SURNAME LIST: Carter, Baker, Porter, Binford, Spicer, Schuck, Freeman, Benedict, Wells, Grace, Emery, Cartwright, Martin, May, Campbell and Schultz.
Hickory Grove comprises township 79, range 2 east, and was first settled in 1836 by Alfred Carter, who made claim and began improvement on the northwest quarter of section 16. Mr. Carter was from Wayne Co., Ind., but was born in the Shenandoah Valley, Virginia. He was one of the first three conunty commissioners, and served until his death, which occurred Nov. 8, 1841.
Other Early Settlers
Philip Baker came from Muskingum Co., O., in 1837, and settled on the southwest quarter of section 9.
Jonathan Porter, from Muskingum Co., O., came in 1837; Daniel and John Porter, Mr. Binford and others came about the same time.
John Spicer came in the fall of 1836, from Muskingum Co., O., and settled on section 9. He returned to Ohio a few years afterward, where he married. Subsequently he went to Illinois, where he lost his life a little later by falling on a circular saw, which was in motion. Wm. and Daniel Porter also came in 1836.
George Schuck came in 1838, from the same county in Ohio, and settled on the southwest quarter of section 10, where he died in 1848.
John Schuck came in the fall of 1838, from the same place, and settled on section 15; built a hewed log house, which still stands and is occupied. In the fall of 1859 he went to Nemaha, Neb., where he yet resides.
Samuel Freeman was born in New London, Conn., on the 13th of November, 1800. At an early age he removed to the state of New York, where, in 1828, he married Melinda Benedict, who died in 1866. In 1834 Mr. Freeman moved to Kalamazoo, Mich., then on the outskirts of civilization.
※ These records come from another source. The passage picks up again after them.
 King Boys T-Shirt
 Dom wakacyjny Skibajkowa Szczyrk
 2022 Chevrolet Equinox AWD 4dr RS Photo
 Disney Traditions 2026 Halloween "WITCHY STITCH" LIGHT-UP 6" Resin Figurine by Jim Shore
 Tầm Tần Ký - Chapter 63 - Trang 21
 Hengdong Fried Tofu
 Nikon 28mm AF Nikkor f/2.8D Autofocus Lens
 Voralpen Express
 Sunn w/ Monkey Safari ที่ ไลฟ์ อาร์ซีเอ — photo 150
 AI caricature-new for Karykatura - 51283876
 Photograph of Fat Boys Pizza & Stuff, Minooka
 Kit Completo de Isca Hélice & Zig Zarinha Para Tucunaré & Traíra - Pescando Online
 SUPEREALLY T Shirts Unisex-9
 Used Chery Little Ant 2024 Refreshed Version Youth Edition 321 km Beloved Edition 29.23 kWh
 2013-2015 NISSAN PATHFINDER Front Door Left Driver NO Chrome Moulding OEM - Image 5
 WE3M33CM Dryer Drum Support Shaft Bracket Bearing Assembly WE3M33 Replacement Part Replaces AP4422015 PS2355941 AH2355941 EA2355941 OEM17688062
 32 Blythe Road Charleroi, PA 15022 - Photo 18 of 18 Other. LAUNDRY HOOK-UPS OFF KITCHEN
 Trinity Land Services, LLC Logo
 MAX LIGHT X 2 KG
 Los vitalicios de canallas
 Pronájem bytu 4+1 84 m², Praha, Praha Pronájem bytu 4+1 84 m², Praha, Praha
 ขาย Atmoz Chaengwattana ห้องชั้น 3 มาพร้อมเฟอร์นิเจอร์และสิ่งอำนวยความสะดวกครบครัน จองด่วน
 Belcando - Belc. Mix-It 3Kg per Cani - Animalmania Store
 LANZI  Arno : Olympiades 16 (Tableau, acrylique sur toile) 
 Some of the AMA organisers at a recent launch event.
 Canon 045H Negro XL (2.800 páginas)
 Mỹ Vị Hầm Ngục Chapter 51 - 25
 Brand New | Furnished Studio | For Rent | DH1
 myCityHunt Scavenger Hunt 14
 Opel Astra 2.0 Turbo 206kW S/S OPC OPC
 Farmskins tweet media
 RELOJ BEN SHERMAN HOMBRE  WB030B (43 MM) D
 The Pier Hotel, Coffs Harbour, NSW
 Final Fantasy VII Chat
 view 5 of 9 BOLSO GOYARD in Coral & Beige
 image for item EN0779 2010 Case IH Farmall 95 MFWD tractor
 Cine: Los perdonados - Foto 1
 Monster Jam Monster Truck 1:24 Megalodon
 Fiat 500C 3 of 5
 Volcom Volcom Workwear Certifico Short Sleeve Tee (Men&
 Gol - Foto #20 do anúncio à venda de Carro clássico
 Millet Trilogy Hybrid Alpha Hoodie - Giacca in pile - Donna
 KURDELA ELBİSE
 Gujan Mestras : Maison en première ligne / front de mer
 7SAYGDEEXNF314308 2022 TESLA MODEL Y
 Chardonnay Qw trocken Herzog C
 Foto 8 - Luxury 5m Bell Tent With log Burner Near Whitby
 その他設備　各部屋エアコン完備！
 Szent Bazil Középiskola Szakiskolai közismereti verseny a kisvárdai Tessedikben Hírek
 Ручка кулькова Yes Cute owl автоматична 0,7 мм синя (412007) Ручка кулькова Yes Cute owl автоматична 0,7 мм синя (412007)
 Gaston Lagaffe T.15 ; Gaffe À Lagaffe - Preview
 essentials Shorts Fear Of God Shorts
He decided to make another westward move in a few years, and so on the 3d day of December, 1839, he landed in the village of Davenport, and remained a short time; then settled near Kirtle's ferry, on the "Wapsie," making a claim, and as he hoped, locating for life; but when the lands came into market, his claim was entered over his head by some one having more money than he possessed, and thus he lost his all. With the pluck and energy of a true pioneer, however, he went to work, and before a great while was the owner of two or three yoke of steers and an old breaking plow. Then he commenced anew his struggle for a home. The old settlers say it is an undoubed fact that Mr. Freeman, with his steers and plow, turned up to the bright sunlight more acres of the virgin soil of Scott County than any other man that ever followed a furrow within the county's limits. By this means he gathered enough money to purchase a farm near Slopertown. Selling this in a few years, he bought another farm near Hickory Grove, which he owned and occupied until the day of his death.
In his young manhood Mr. Freeman was a Whig, and a very ardent one. He was one of the first men in Scott County to unite with the Republican party, and from the first was a staunch supporter of its principles. He was the father of five children, three of whom died in early life. He died when 72 years of age, and now lies by the side of her who shared all the trials and struggles of his pioneer life.
The first birth was William H. Baker, son of Philip and Catherine Baker, who was born Nov. 10. 1838. He is now a farmer in Audubon Co., Ia.
The first death was Alfred Carter, who died in 1839, and was buried on section 16.
The first marriage was that of Alexander Wells and Julia A. S. Carter, in the house of Philip Baker, by Mr. Grace, a justice of the peace in Walnut Grove. The event was solemnized in 1842.
The first school was in the winter of 1837,'38, at the house of Alfred Carter, by George F. Emery.
Rev. Peter Cartwright was the first to preach the gospel in the township.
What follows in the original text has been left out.